--- DATASET SECTION ---
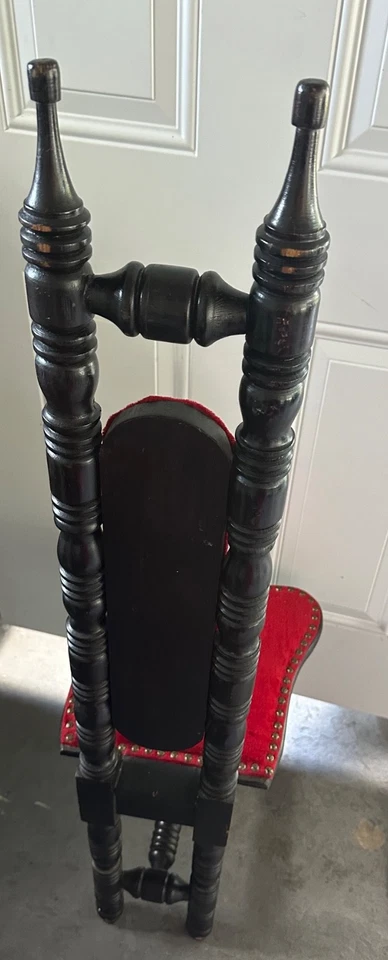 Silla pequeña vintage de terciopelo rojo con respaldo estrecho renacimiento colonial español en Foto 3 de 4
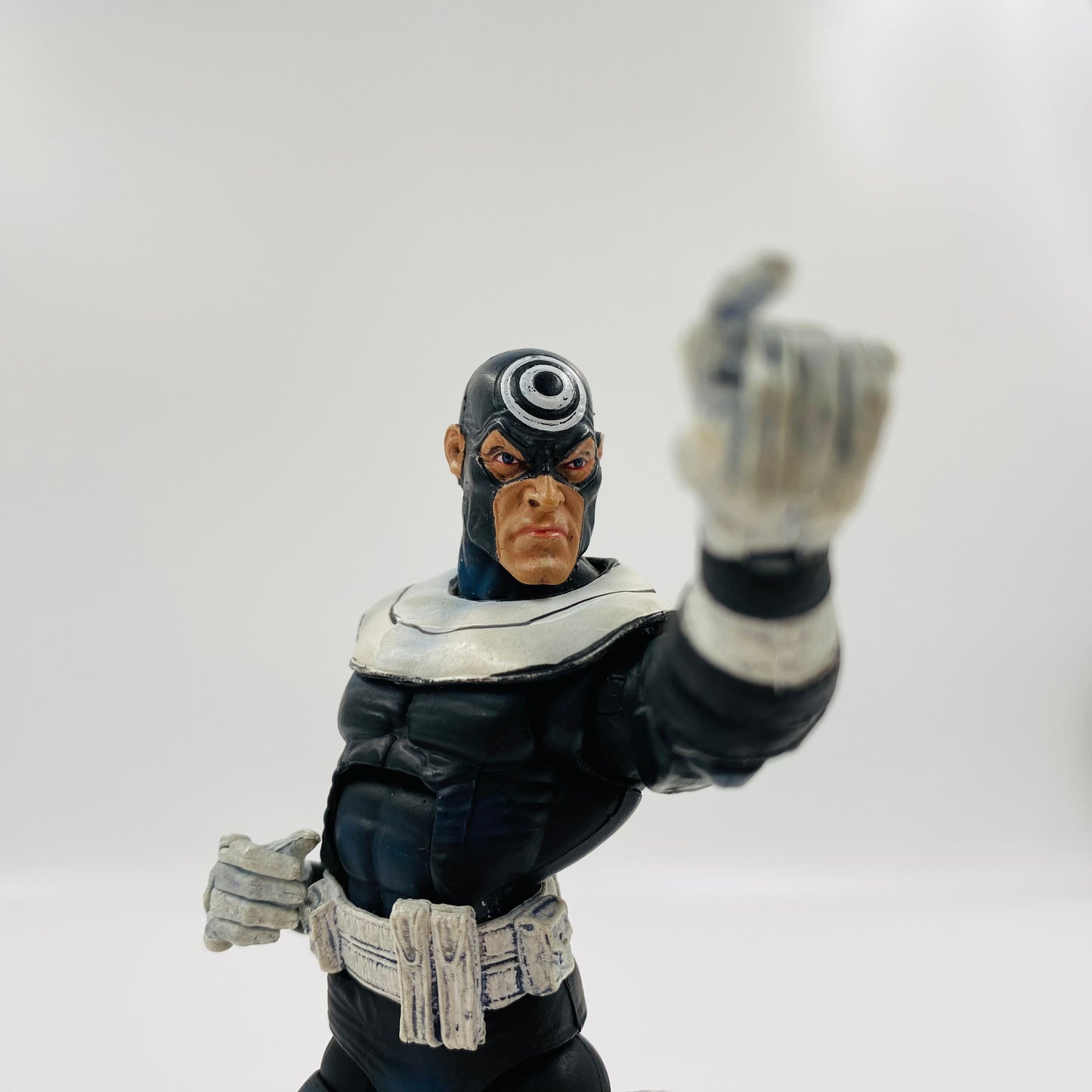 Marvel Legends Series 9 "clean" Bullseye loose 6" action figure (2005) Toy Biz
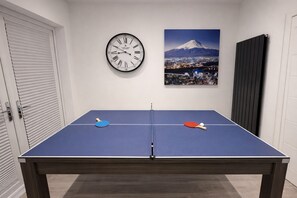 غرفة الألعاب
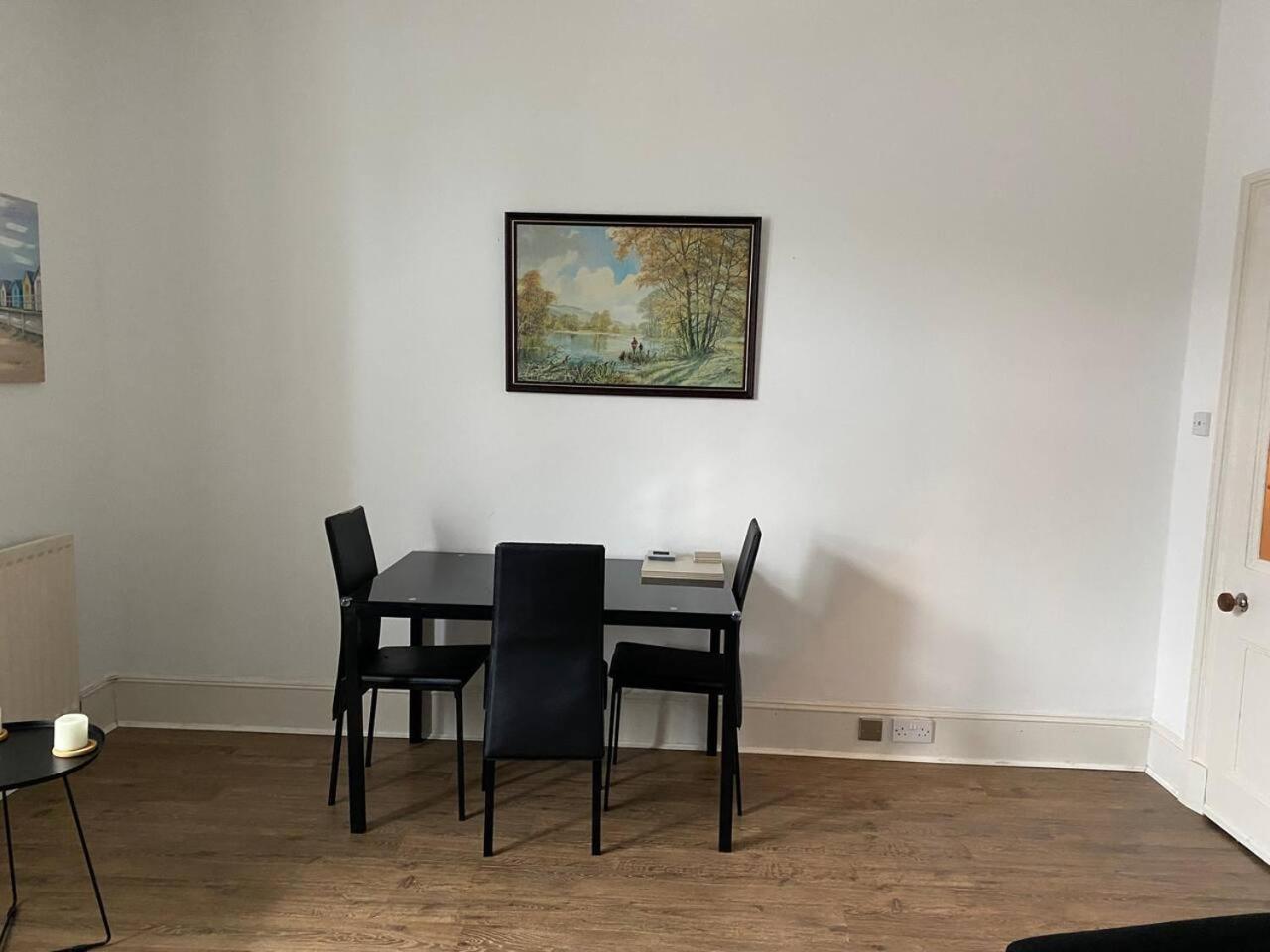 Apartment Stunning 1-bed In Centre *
---
WHAT TO PRODUCE -> Could you transcribe all of the data exactly, keeping every picture out of the copy?

RESULT BELOW ->
 Silla pequeña vintage de terciopelo rojo con respaldo estrecho renacimiento colonial español en Foto 3 de 4
 Marvel Legends Series 9 "clean" Bullseye loose 6" action figure (2005) Toy Biz
 غرفة الألعاب
 Apartment Stunning 1-bed In Centre *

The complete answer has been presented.